In them sole point on appeal, plaintiffs contend that the trial court erred in finding that State and County regulation of septic systems removed builder liability under a theory of implied warranty. Plaintiffs argue that the regulation of on-site disposal systems are minimum standards to protect the public health and safety and does not remove builder discretion and implied warranty that the septic system would be reasonably fit for its ordinary purpose.
Our Supreme Court, in Smith v. Old Warson Development Co., 479 S.W.2d 795 (Mo. banc 1972), departed from the strict rule of caveat emptor, holding that the original purchaser of a new home may recover from a builder-vendor for losses or damages stemming from latent structural defects. Id. at 799. The Court found that regardless of whether the latent defects in the new home resulted from the actions of the builder-vendor or an independent contractor is immaterial in connection with a complaint by a first purchaser based upon a theory of implied warranty. Id. at 800.
Subsequently, in San Luis Trails Ass’n v. E.M. Harris Bldg. Co. Inc. 706 S.W.2d 65, 68-69 (Mo.App. E.D.1986), a case involving allegedly defective streets constructed by a developer, we held that the implied warranty exception to the rule of caveat emptor in real estate transactions does not apply to an improvement outside the house which is not an integral part of the structure or immediately supporting it.
Our colleagues in the Western District, in Trien v. Croasdale Const. Co. Inc. 874 S.W.2d 478, 479-480 (Mo.App. W.D.1994), addressed the issue of implied warranty as to septic system. Trien (homeowners) had contracted with Croasdale Construction Company to build a house and filed an action against Croasdale when the septic tank failed to perform its sewage disposal function and as a result affluent surfaced. Id. at 480. Croasdale attempted to avoid liability by claiming that it was merely a contractor building a house according to the specifications furnished by Trien. However, there were no specifications in the contract as to the septic system other than the provision that the system comply with the standards of Platte County Health Department. Id. Trien left the design, construction and approval of the septic system to the expertise of Croas-dale. The health department approved the design and installation in reliance on percolation tests performed by Croasdale. Id. Our colleagues in the Western District found that the submission of the breach of implied warranty of fitness for a particular use was proper and was supported by *852sufficient evidence. Thus, the court found that the submission of implied warranty was proper even though the septic design and installation was approved by Platte County Health Department.
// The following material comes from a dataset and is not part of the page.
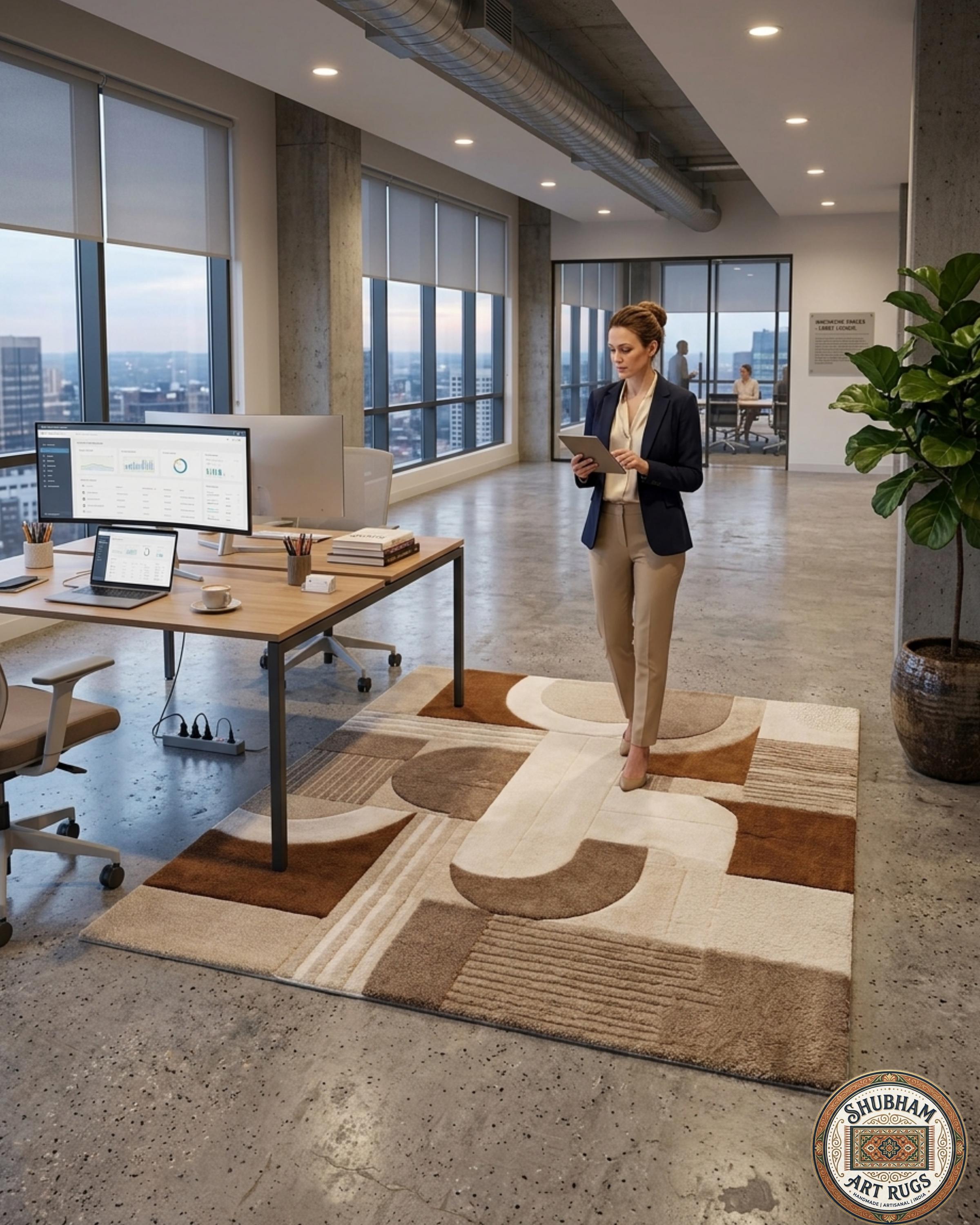 Hand Tufted Wool Rug, Modern Abstract Geometric Carpet, Neutral Beige Living Room Rug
Here, plaintiffs purchased them home, which was a “spec” home, already built by defendants with the septic system in place and approved by the Lincoln County Health Department. Therefore, in accordance with the principles set forth in Smith v. Old Warson Development Co., San Luis Trails Ass’n v. E.M. Harris Bldg. Co. Inc. and Trien v. Croasdale Const. Co. Inc., we find that the trial court erred in concluding that the state and county regulations stripped defendant builders of all decision making authority and thus blocked the enforcement of an implied warranty of habitability and fitness for contracted use as to a newly constructed house.
Defendants, in their brief, concede this point, but contend that the trial court did not err in its judgment, as there was substantial evidence of intervening causation for the failure of the on-site sewage disposal system. Defendants argue that under the standard of Murphy v. Carron, 536 S.W.2d 30 (Mo. bane.1976), this, court should sustain the trial court because there is substantial evidence supporting the decision. Defendants argue that we should affirm the judgment even though the trial court erred in finding that the implied warranty could not be enforced. The trial judge did not make any factual findings as to the cause of the septic system’s failure. Therefore, we will not address the evidence. Thus, the judgment as to the septic system must be reversed and remanded for further proceedings in accordance with this opinion. We affirm the judgment in all other respects.
Judgment affirmed in part and reversed and remanded in part.
GARY M. GAERTNER, P. J. and CLIFFORD H. AHRENS, J., concur.